もう、ほとんど9割以上の子がそうだと思うのです。
学校によっても違うのでしょうけど…
かくいうぼくも多分、高校生の頃は反っていましたね。腰、痛かったです。
じつは数年前のあるレッスンでも、これ、指摘されたのでした。
でも、どうしてそうなるのでしょうね…
呼吸、不自由でしょ。
 

 

  空気はどこに…

 

さて、呼吸をすると、空気はどこに入るのでしょうか。胸?
おなか、ではありませんよ。おなかに空気は入りません。
無理矢理おなかに入れたらきっと、ゲップが出ることでしょう…
胸に入る…、なら、胸って、どこ?
当たり前のことを訊くなと言われますか? でもね…
胸は、身体の前の方だ、そこに、空気が入るんだ…
そんな無意識の思い込みももしかしたら、背中が反る原因のひとつなのかもしれません。
(もちろん原因はこれだけではありませんけども…)
胸を広げようとしているのかもしれませんよね。
でも、これはじつは違っていて…
 

 

  肺はどこ?

 

実際に空気が入る身体の器官、それは肺ですよね。
これ、身体の中のどこにあるのでしょうか。
胸ですよね。当たり前です。でも、
その位置や形、正確に知っていますか。
肺は、身体の前側だけにあるのではありません。
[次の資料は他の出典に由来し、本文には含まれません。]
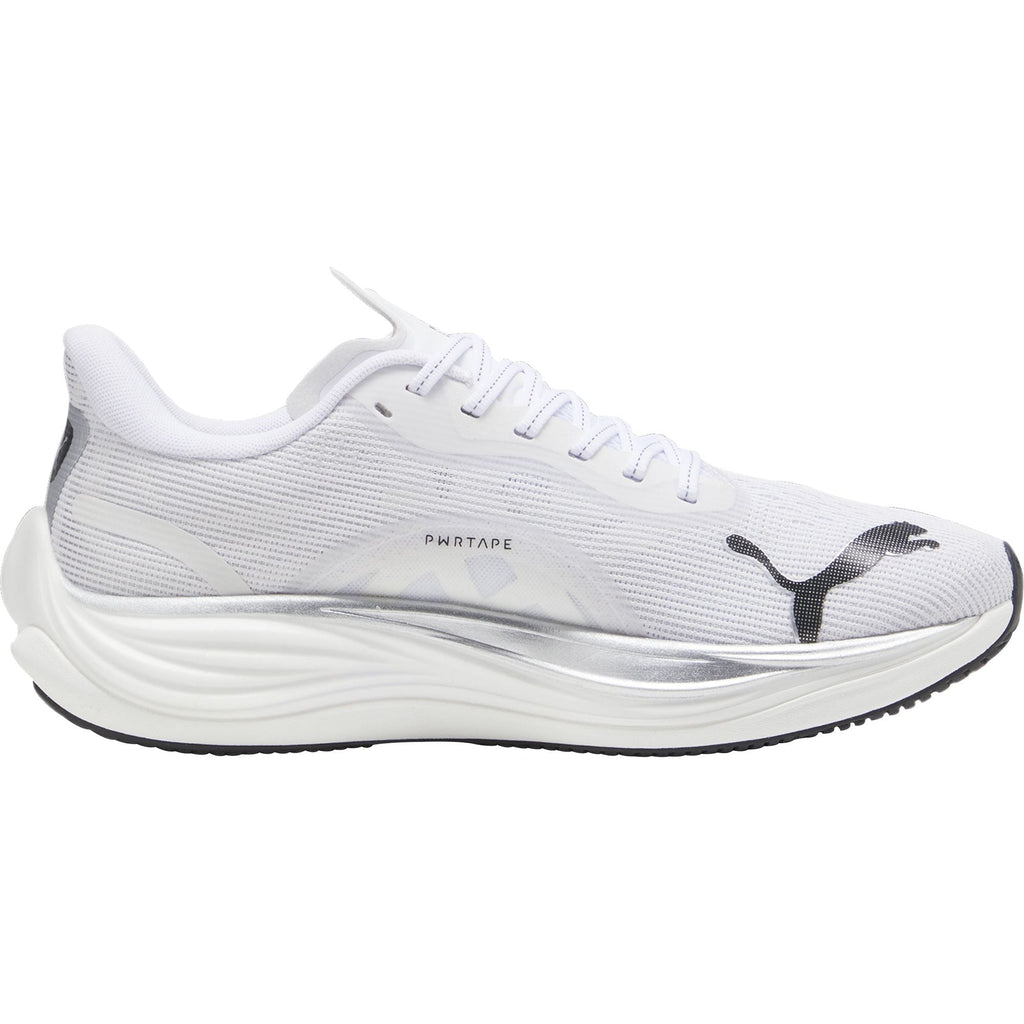 Puma Velocity Nitro 3 Mens Running Shoes - White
それは背中側にまであります。
脊椎、背骨と言いますけど、その前に肺がある、のではなくて、
左右の肺はむしろ、脊椎を取り囲むようにある。
下はみぞおちのあたりまで、上は鎖骨よりも上まである!
実際のレントゲンやCT写真を見せて、
「ほら、空気ってここに入るんだよ」って説明してあげるだけで、呼吸が自然になった…
そんな子もいましたよ。
空気は決して、身体の前の方だけに入るのではないのです。
 

 

  土台の上に

 

立っているときも座っているときも、身体は重力の影響を受けている…
地面や座面の上に積み上がっている感じ。
積み木を重力に抗わずまっすぐに積んでいけば、それを支える力は最小限ですむ。
ただバランスを取っていればいいだけです。
でも、もし積み木を斜めに積んだら崩れてしまいますよね。
人間の身体でいったら、支える力や保つ力が必要になってくる。
動きも、自由にならなくなる。
これ、呼吸にとっても不自由です。
これを改善(でも決して「まっすぐにしなさい」と言ったわけではなく)しただけで、
「息が倍以上吸える!」と言った子がいましたよ。
 

 

  不自由に気づく

 

管楽器ってみんな、身体の前にかまえますよね。ほぼ正面に。
そうあるべきだとは思うのですが、でもそうすると…
それを支えるために身体が反るという動きが出てくることもある。
でも、じつはこれ、要らない動きなのです。
上手な人を観察してみましょう。ほら、反ってないでしょ。
不自然な身体の使い方で呼吸が不自由になっている時って、
いかに自分が不自由なのかなんて気づかないものですよね。

では…
なんにも持たずに深呼吸をしたときと、楽器をかまえて深呼吸をしたとき、
どちらが、自由に呼吸出来ましたか。同じでしたか?
同じだという人は、不自由のない人かもしれません。
不自由に気づくことが、まずスタートなのかもしれませんね。
自戒も込めて…
にしても、文章だけではあんまり伝わりませんね…

さて、自由な呼吸、出来ていますか。